Flexible Generation of Preference Data for Recommendation Analysis
Simone Mungari, Erica Coppolillo, Ettore Ritacco, Giuseppe Manco
TL;DR
HYDRA tackles the challenge of benchmarking recommender systems with realistic yet controllable synthetic data. It introduces a probabilistic generator that jointly models three interacting factors—User-Item Matching, User Engagement Level, and Item Popularity—through latent factors drawn from Dirichlet priors and mixtures of long-tail distributions, with variational EM-style inference guiding parameter estimation. The main contributions include a flexible community-aware data generation framework, explicit mixture modeling for engagement and popularity, and empirical evidence that synthetic data preserves real-world distributional properties and benchmarking behavior. This approach enables privacy-preserving, scalable benchmarking across diverse domains while offering tunable realism for controlled experimentation.
Abstract
Simulating a recommendation system in a controlled environment, to identify specific behaviors and user preferences, requires highly flexible synthetic data generation models capable of mimicking the patterns and trends of real datasets. In this context, we propose HYDRA, a novel preferences data generation model driven by three main factors: user-item interaction level, item popularity, and user engagement level. The key innovations of the proposed process include the ability to generate user communities characterized by similar item adoptions, reflecting real-world social influences and trends.

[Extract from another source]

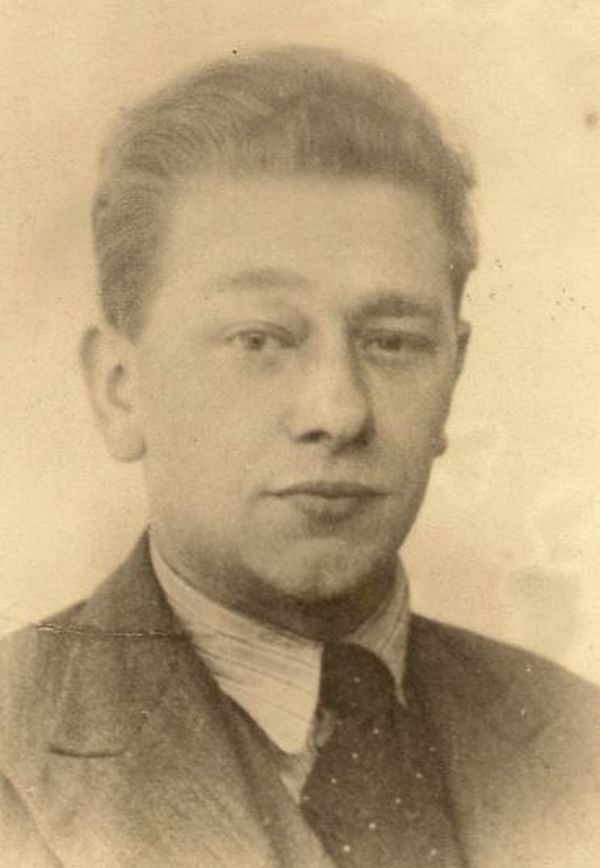 Portretfoto T. Kloostra, foto familie.JPG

Additionally, HYDRA considers item popularity and user engagement as mixtures of different probability distributions, allowing for a more realistic simulation of diverse scenarios. This approach enhances the model's capacity to simulate a wide range of real-world cases, capturing the complexity and variability found in actual user behavior. We demonstrate the effectiveness of HYDRA through extensive experiments on well-known benchmark datasets. The results highlight its capability to replicate real-world data patterns, offering valuable insights for developing and testing recommendation systems in a controlled and realistic manner. The code used to perform the experiments is publicly available at https://github.com/SimoneMungari/HYDRA.